Developers began to work on the Outcome CV methodology, which was formally launched at the Interphex conference in New York in March, after noticing recurring patterns in commissioning and validation problems. At one East Coast pharmaceutical manufacturing facility, for example, validation costs budgeted at $800,000 actually reached $2.4 million, and requiring an extension of 20 months. For the manufacturer, these translated into $16 million in lost drug revenues and nearly two years lost on the patent expiration clock.
Outcome CV dictates that validation be considered as early as possible in the planning stage, and involve members from different functional silos, Syska Hennessy principal Paul Liesman says. The integrated commissioning and validation process then continues during the design phase, when commissioning/validation plan and protocols are developed along with drawings and specifications.
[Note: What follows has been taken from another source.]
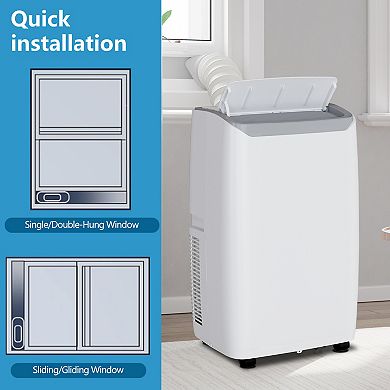 14,000 BTU Portable Air Conditioner with Built-In Dehumidifier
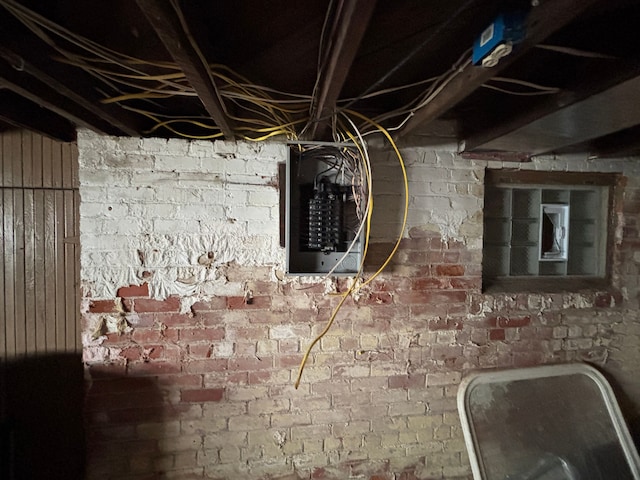 utility room featuring electric panel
The integrated process then continues during construction, Liesman says, ensuring a link between design operation and utilities and process to production, and during operation and maintenance turnover, when final documents are turned over to the owner and standard operating procedures and training programs are developed. Liesman says the new integrated process is expected to speed validation and eliminate the 20-25% error rate found in facility systems.